[R6RS] I/O

Tue Jul 11 15:09:38 EDT 2006

Mike wrote:
> And I remain mystified by yours.  You wrote:
> 
> > Specification of make-simple-writer: See my comments above on
> > make-simple-reader.
> 
> So I chose an example about writers to make my point.  Are you saying
> that you don't understand how the descriptor makes the byte-writer
> example work, or that descriptors are OK for writers, but not for
> readers?

I don't understand how the descriptor makes the byte-writer
example work.  Here is what you wrote:

> ....For example, an implementation of a bytes writer
> (which is built-in, but it wouldn't have to be) will need to provide
> `writer-bytes', given just a writer.  Thus, bytes writers keep the
> data that's being accumulated in the descriptor; the descriptor is a
> communication channel between `open-bytes-writer' and `writer-bytes.'

Since this example is supposed to motivate the descriptor
argument of make-simple-writer, I assume you meant to say
that open-bytes-writer could create the writer it returns
by calling make-simple-writer.  (If you were not saying
that, then your example was irrelevant to my point.)  Thus
the write!, get-position, set-position!, end-position, and
close procedures that the open-bytes-writer procedure
passes to the make-simple-writer procedure must close over
the descriptor if they are to access it at all.

You appeared to admit that this is a problem when you wrote:

> The problem is that this state is hidden in closures, and more
> difficult to make available to auxiliary operations such as
> `writer-bytes'.

Now do you understand why I am mystified by your argument?

> > The document does not explain how a programmer is supposed to lay
> > hands on an object that can legitimately be passed as the second
> > argument (the descriptor) to this procedure.
> 
> Neither does the specification for `cons'.  Instead, a contract has to
> exist between the code that creates a pair, and the code that extracts
> its components.  It's the same with the descriptor.

The R5RS specification for cons names its arguments "obj1"
and "obj2", thereby implying that any object may be passed
as either argument.  The name given to the second arguments
of make-simple-reader and make-simple-writer is simply
"descriptor", which implies nothing about what kinds of
objects are acceptable as the second argument.

I wrote "It may be that any object whatsoever may be passed
as the descriptor", but you have neither confirmed nor
denied that possibility.  As your specification stands, it
provides absolutely no guidance to a programmer concerning
what kinds of objects are legal as the second argument to
make-simple-reader or make-simple-writer.

> There are certainly other ways to encode it, but they all come down to
> returning a special value.  Moreover, some platforms (like Unix,
> AFAICS) don't allow you to distinguish between a "terminal" end of
> file and a "temporary" one.  What would you have, say, `peek-byte'
> return when no data is available, but terminal end of file has not
> been reached?

I would guess that you are assuming a model in which some
character, e.g.
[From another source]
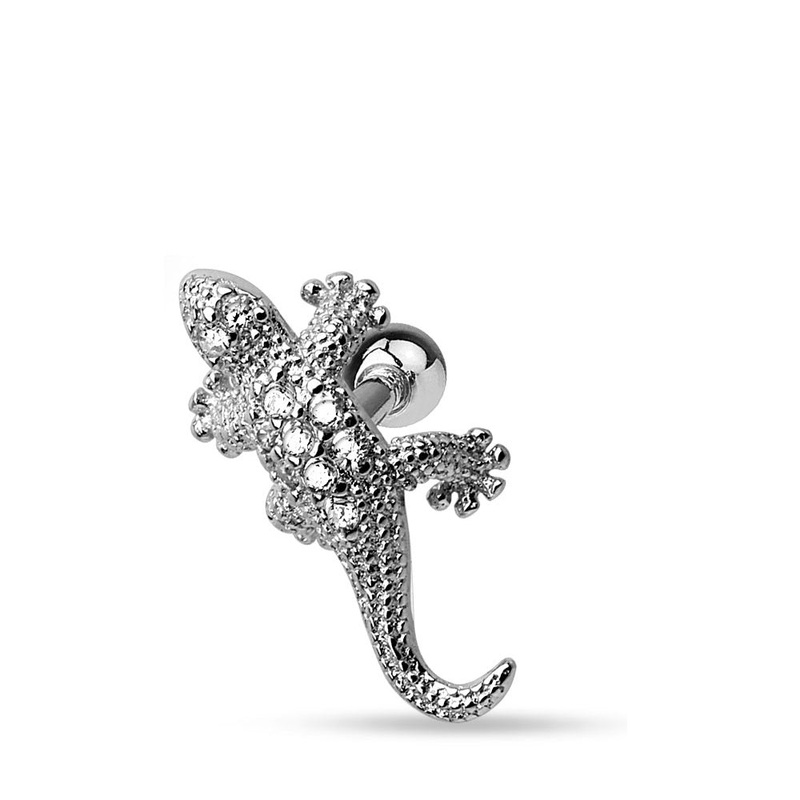 CZ Paved Lizard Cartilage Tragus Barbell Stud Piercing – 316L Stainless Steel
END OF TRANSMISSION, popularly known as
control-D, is interpreted as an end of file when typed.

I would prefer a model of interactive ports that does not
impose any such interpretation upon legitimate Unicode
characters, and delivers an end of file object only when
the interactive port is closed, e.g. by a procedure such
as close-input-port.  In that model, peek-byte would hang
if no data is available, but would return an eof-object
only if the interactive port is closed.

> > There are, in fact, several standard ways.  Why not
> > support them?
> 
> I have no objection to supporting them, but I object to restricting
> textual I/O to the supported standards.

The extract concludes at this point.